**WORK TO BE COMPLETED:** Apart from the pictures, return every line of the listing exactly.

**INPUT DATA:**
*** Begin section ***

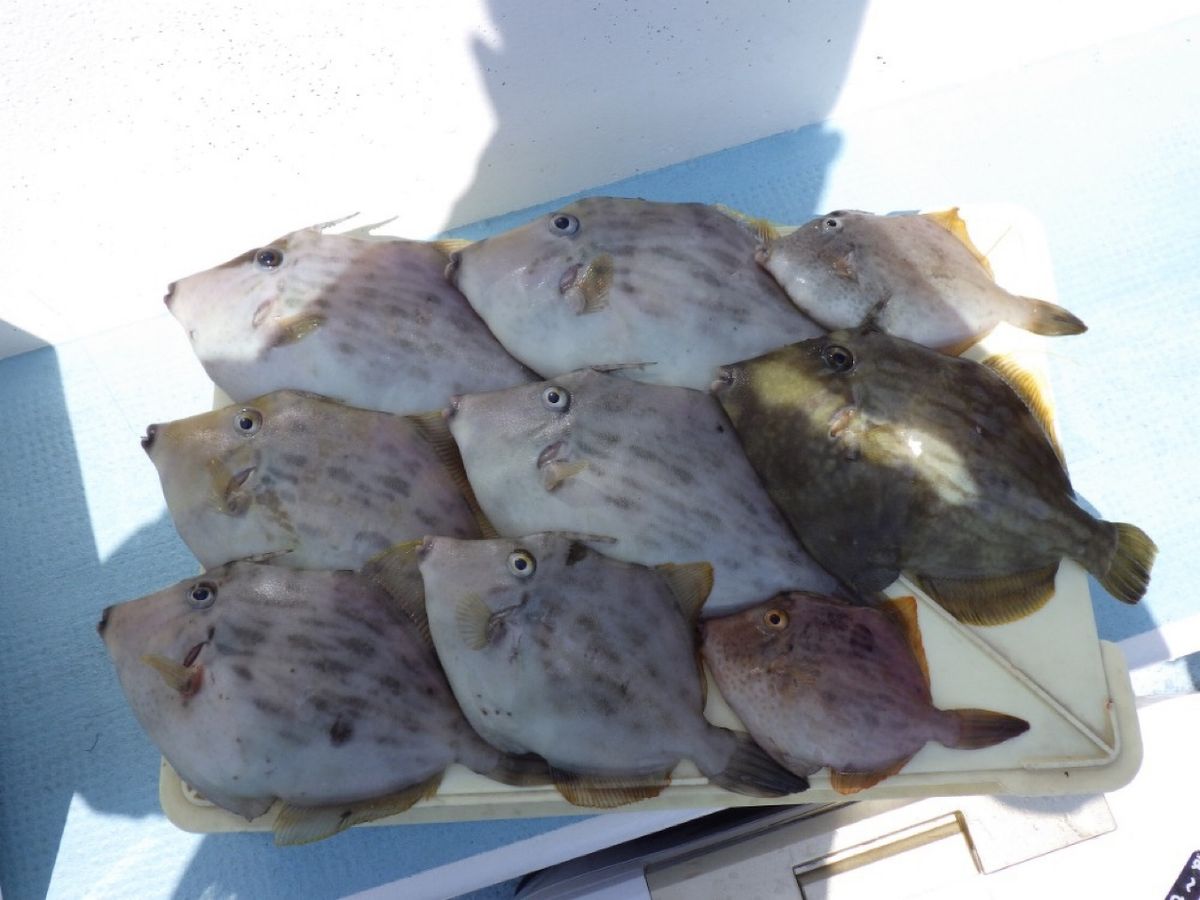 石川釣船@船長さんの釣果 2枚目の画像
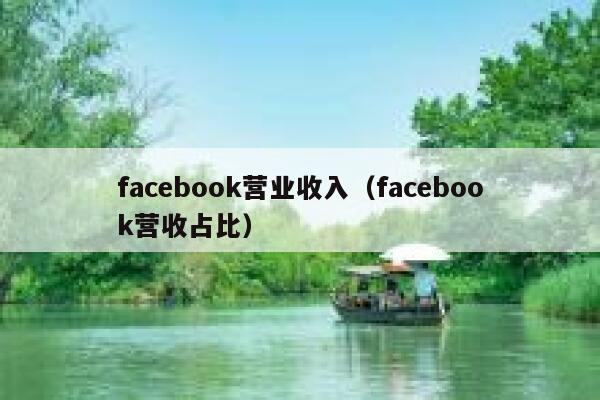 facebook营业收入（facebook营收占比） 第1张
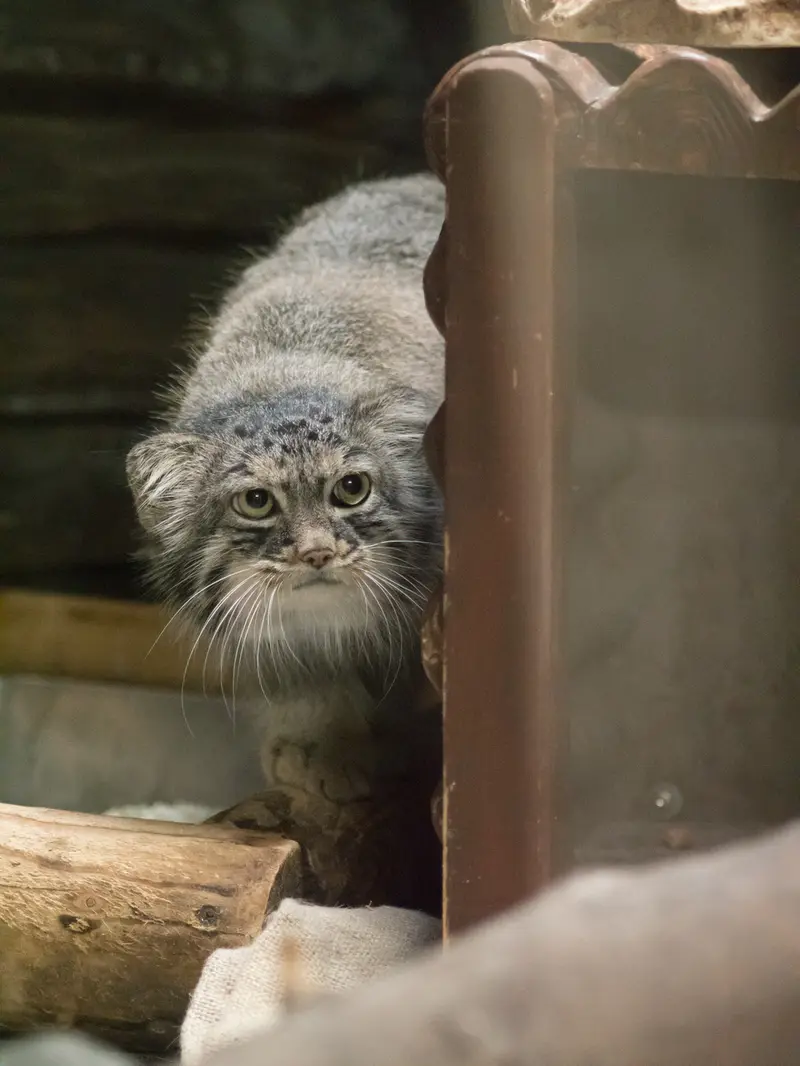 恩賜上野動物園のサフランの写真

*** End section ***

**SOLUTION TO THIS TASK:**
 石川釣船@船長さんの釣果 2枚目の画像
 facebook营业收入（facebook营收占比） 第1张
 恩賜上野動物園のサフランの写真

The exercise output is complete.